**What this task involves:** Every line in the listing below from the one with "人均350+，住千岛湖最美民宿，吃大鱼头，还有私人小岛定制美拍！" through the one with "图为残币兑换现场。 中行城东支行 供图" is to be reproduced exactly, both ends included; leave out the rest.
*** Data ***
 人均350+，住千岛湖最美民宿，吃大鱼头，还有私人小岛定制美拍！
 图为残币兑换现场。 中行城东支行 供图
***
*** Data ***
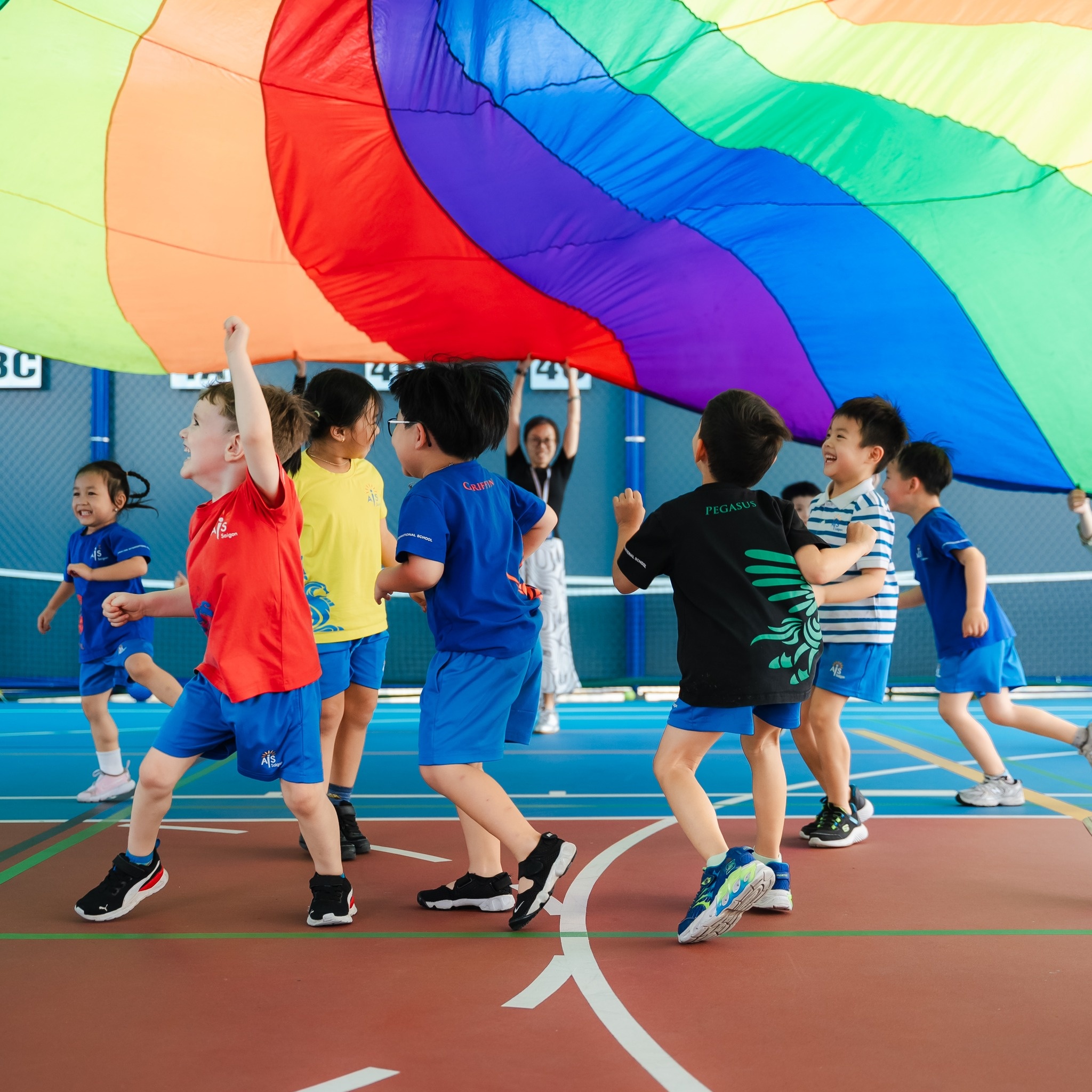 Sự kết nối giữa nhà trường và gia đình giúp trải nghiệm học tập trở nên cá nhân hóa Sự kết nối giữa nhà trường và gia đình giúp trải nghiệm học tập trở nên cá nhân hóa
***
**Answer space:**
 人均350+，住千岛湖最美民宿，吃大鱼头，还有私人小岛定制美拍！
 图为残币兑换现场。 中行城东支行 供图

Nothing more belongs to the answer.